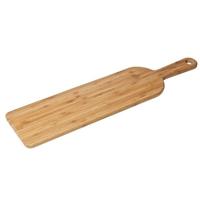 Serveerplank/snijplank - van hout - rechthoekig - 60 x 14 cm - borrelplank - hapjesplank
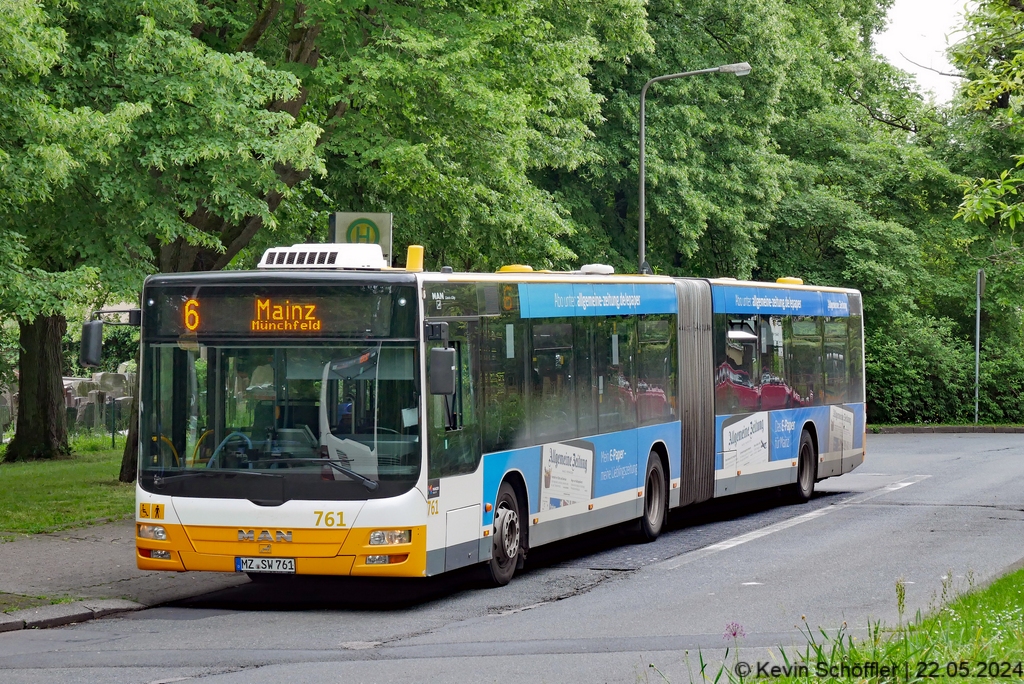 Wagen 761 | MZ-SW 761 | Wiesbaden Nordfriedhof | 22.05.2024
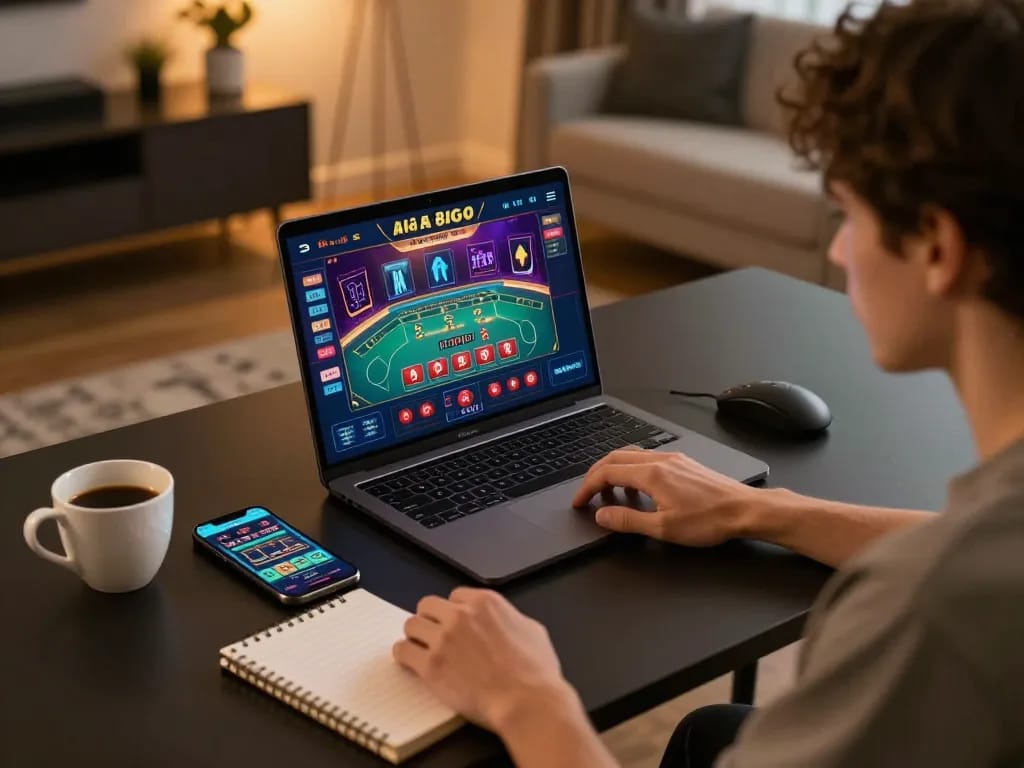 Engaging in online casino gaming at nhà cái 88GO with live dealer interface.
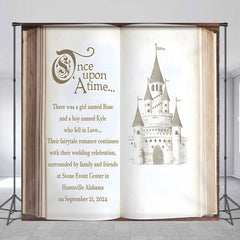 Lofaris Book Castle Personalized Wedding Backdrop Decor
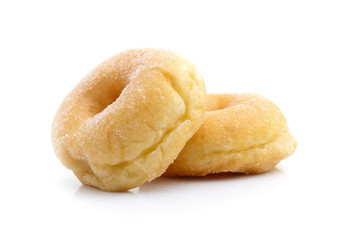 Sugar donut isolated on a white background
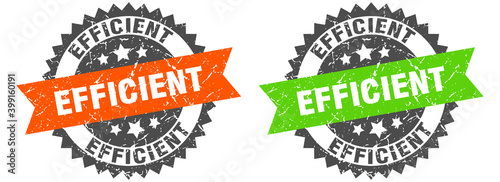 efficient band sign. efficient grunge stamp set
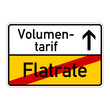 ortsschild flatrate volumentarif I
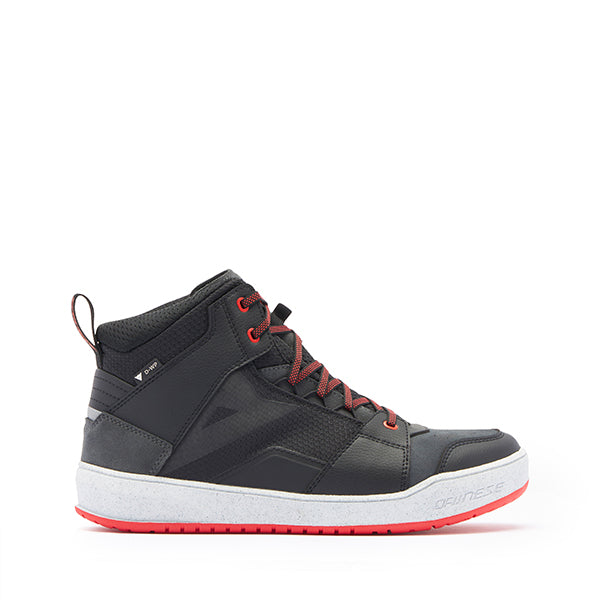 Dainese Suburb D-WP Shoes - Black / White / Red Lava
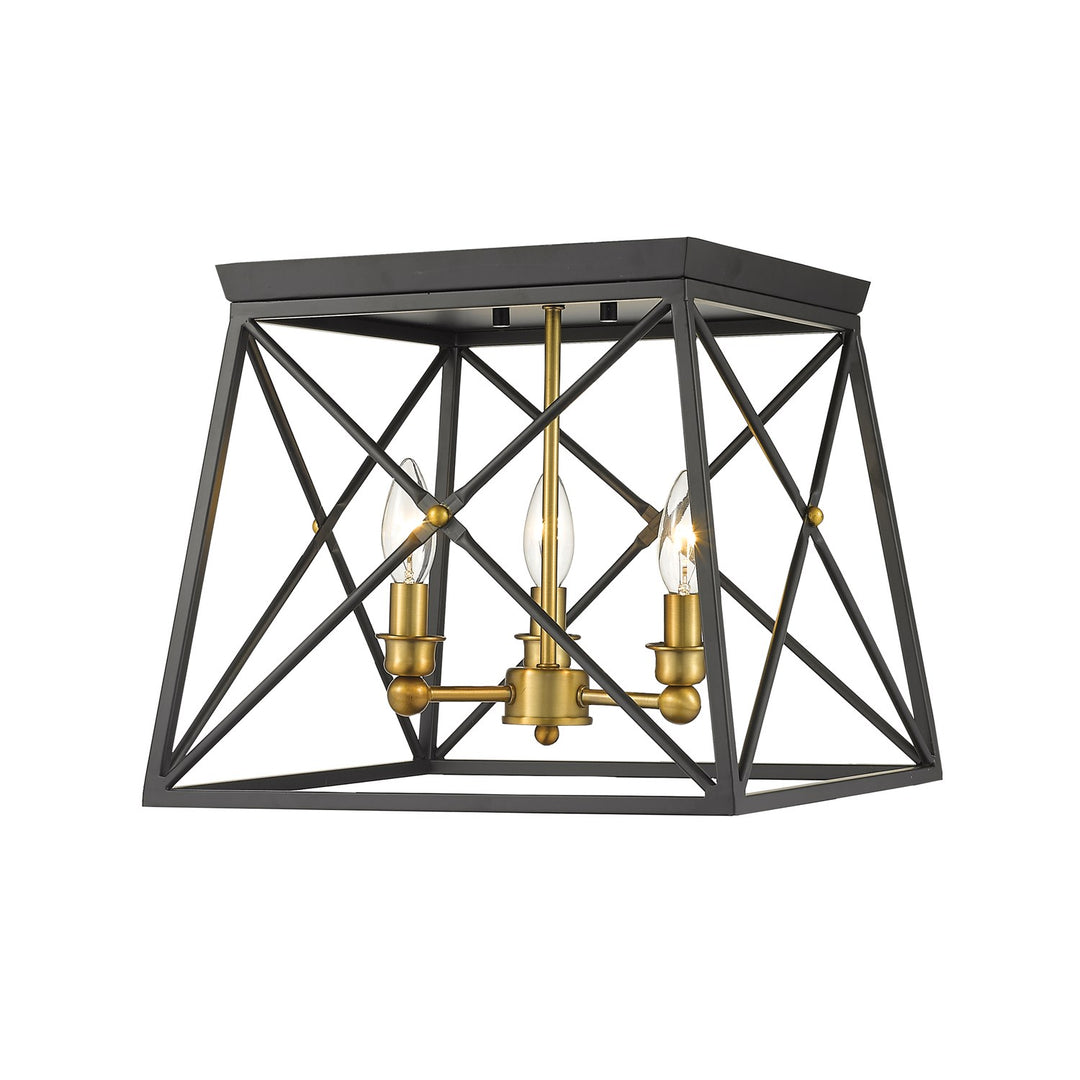 3 Light Flush Mount by Z-Lite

● ● ●

Word for word, return all the entries and skip their pictures.

 Serveerplank/snijplank - van hout - rechthoekig - 60 x 14 cm - borrelplank - hapjesplank
 Wagen 761 | MZ-SW 761 | Wiesbaden Nordfriedhof | 22.05.2024
 Engaging in online casino gaming at nhà cái 88GO with live dealer interface.
 Lofaris Book Castle Personalized Wedding Backdrop Decor
 Sugar donut isolated on a white background
 efficient band sign. efficient grunge stamp set
 ortsschild flatrate volumentarif I
 Dainese Suburb D-WP Shoes - Black / White / Red Lava
 3 Light Flush Mount by Z-Lite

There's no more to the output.